This article was first released to subscribers 1 month ago.
ETF Month Begins!
I've recently received some member feedback saying that they weren't only interested in closed-end funds. I do admit that our service has been devoting more attention to CEFs recently, due to the attractive opportunities offered by the December sell-off. However, with CEF valuations back to a 14-month high and in fairly valued (equity CEFs) to even slightly overvalued (fixed income CEFs) territory, it might be prudent to consider whether there are any alternatives to CEFs that could be worth your attention.
Just like last March of last year, I'm designating this month as "ETF Month" where I will focus on profiling different exchange-traded funds. Some of these will be income-focused, whereas others may not be. Additionally, I may profile some higher risk sector-specific or leveraged ETFs that I can find particularly interesting. Hence, none of the ETFs profiled this month should be automatically considered to be "buy" recommendations!

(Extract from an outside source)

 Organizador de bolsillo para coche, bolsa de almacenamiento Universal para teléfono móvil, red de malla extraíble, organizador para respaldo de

I will also be taking ETF suggestions, so do let me know if you have any ETFs on your horizon.
What are the advantages and disadvantages of ETFs compared to CEFs?
- Most ETFs are passively managed. The advantage of this is lower fees compared to CEFs, which are actively managed. The disadvantage is that a passive fund will simply own everything in the index indiscriminately.

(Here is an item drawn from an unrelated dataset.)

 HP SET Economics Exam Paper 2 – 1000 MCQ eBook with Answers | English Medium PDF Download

- ETFs will nearly always trade close to their net asset value (NAV). The advantage of this is that one does not have to worry about premiums or discounts. The disadvantage is that one does not have the opportunity to buy funds at a discount, nor to exploit the concept of premium/discount mean reversion.
- ETFs usually do not employ a managed distribution policy; in other words, they pay out as dividends what they receive as income from their underlying investments. The advantage is that one doesn't have to worry about an ETF overpaying from its earnings, leading to destructive ROC. The disadvantage is that ETFs are generally lower yielding than CEFs.
There are exceptions to the above, of course. Some ETFs are actively managed and will have higher fees. Illiquid ETFs may trade at significant premiums or discounts to their NAV, which demands caution when buying or selling those funds. A few ETFs use a managed distribution policy, such as Global X SuperDividend ETF (SDIV), which is profiled in the first ETF Month feature.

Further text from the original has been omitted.